Thoughts on a Cairo moment

The photo inset into this column has been around for many years. It made a reappearance recently, speeding through countless Internet connections in advance of the visit last month by Israeli Prime Minister Benjamin Netanyahu with U.S. President Barack Obama in Washington.

The message intended by the map-maker is quite unsubtle, as is the message intended by the people who sent it: to point out the stark contrast between the extent of the territory of the only sovereign Jewish state on Earth with the territory of the states that surround it in the rather overwhelmingly Muslim milieu of the Middle East.

The map therefore is quite useful and instructive for its own sake, because there are so many people who are simply unaware of Israel’s geographic size in relation to the size of its neighbours. In light of the obsession with the Jewish state in so many parts of the world and the frequent distortion of the news about Israel in those same parts of the world, this number is likely very large.

The heading on the map, “End the unjust Jewish occupation of Arab land,” is intended to be sarcastic precisely because of the gross asymmetry between the Jewish and Muslim territory in the Middle East.

The heading does indeed score a bull’s-eye in accurately framing the dimension of the geo-political situation of that region of the world.

But sarcasm is a poor weapon for Israel’s advocates, even if emotionally gratifying.

Moreover, even as gratification, it is a short-lived reward because the heading is inaccurate: the non-Jewish countries in the region – that is, all of them except Israel –  are indeed Muslim, but not all Arab.

Israel’s advocates must always be accurate in their advocacy. The facts of Israel’s case are the facts of history.

Far worse, however, is the fact that the sarcasm is irrelevant to the main argument of the anti-Israel advocates. The Arab land that they say Israel occupies is the land that belonged to the Palestinians. By Arab land, some people mean the West Bank; others mean all of Mandatory Palestine (that is, the Israel of today).  

Israel’s advocates must always be pertinent in their advocacy. The relevance of Israel’s case is the relevance of truth over falsehood.

It is therefore, with these Israel- advocacy rules in mind – accuracy and relevance – that U.S. President Barack Obama’s historic speech in Cairo last week must be measured.

To be sure, the content of Obama’s speech ranged more widely than Israel’s conflict with the Palestinians. In, by now, trademark eloquence he outlined broad principles on seven discrete issues, only one of which dealt specifically with the Israeli-Palestinian conflict. But it was his remarks on this issue more than the others that undoubtedly held the Muslim world’s attention most closely.

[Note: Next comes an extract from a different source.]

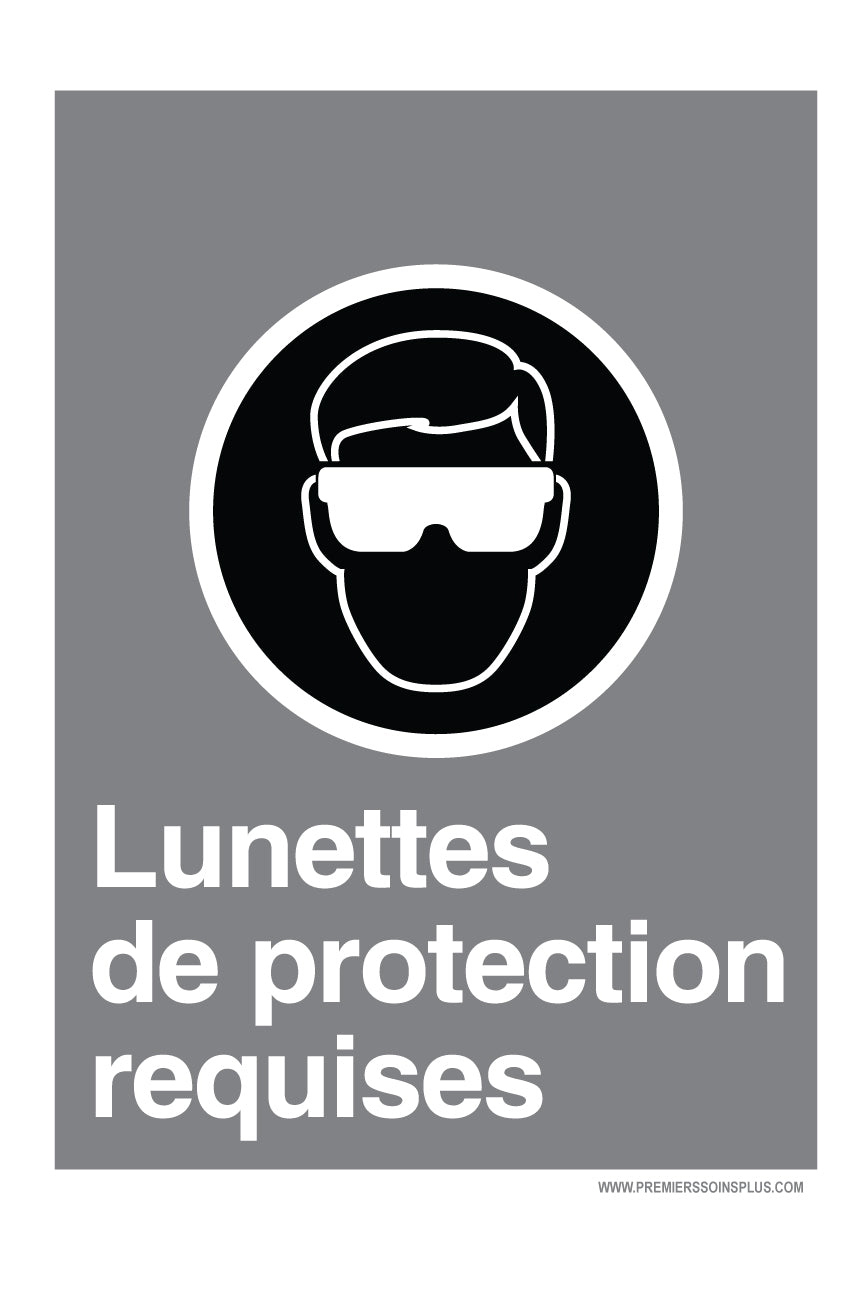 Lunettes de protection requises - Enseigne
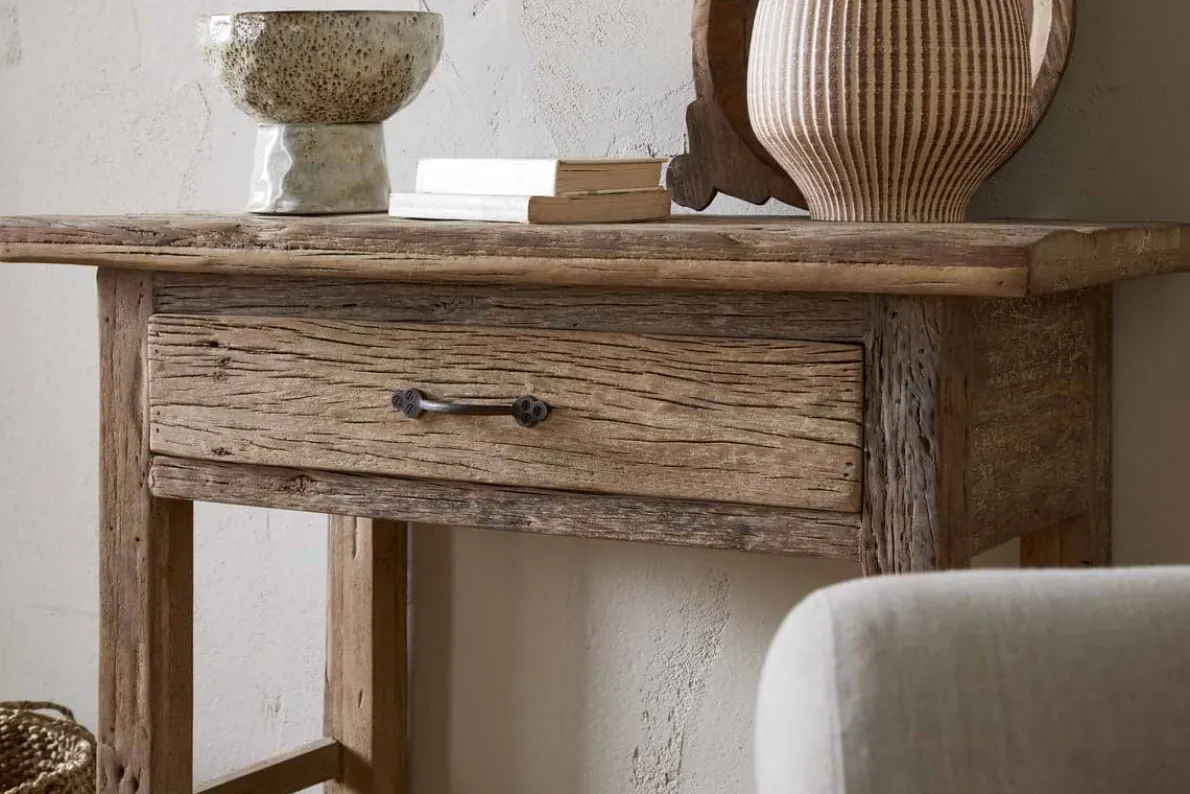 Ibo Reclaimed Wood 1 Drawer Console Table - Natural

There is no denying that Obama earnestly and fervently wishes to bring about a permanent peace between Israelis and Palestinians. The thrust of his remarks was to demonstrate friendship to the Muslim world and sympathy for the plight of the Palestinians, while insisting that  “Israel’s legitimacy” be recognized by the Arab states and by all factions of Palestinians, including Hamas.

He has made it clear time and again that he considers Israel an ally. Indeed he affirmed at the very outset that America’s bond with Israel “is unbreakable.”

But the president’s grasp of the justice of Israel’s case appears dangerously lacking in the relevant facts of history, ancient and modern.

“The aspiration for a Jewish homeland is rooted in a tragic history that cannot be denied. Around the world the Jewish people were persecuted for centuries and anti-Semitism in Europe culminated in an unprecedented Holocaust.”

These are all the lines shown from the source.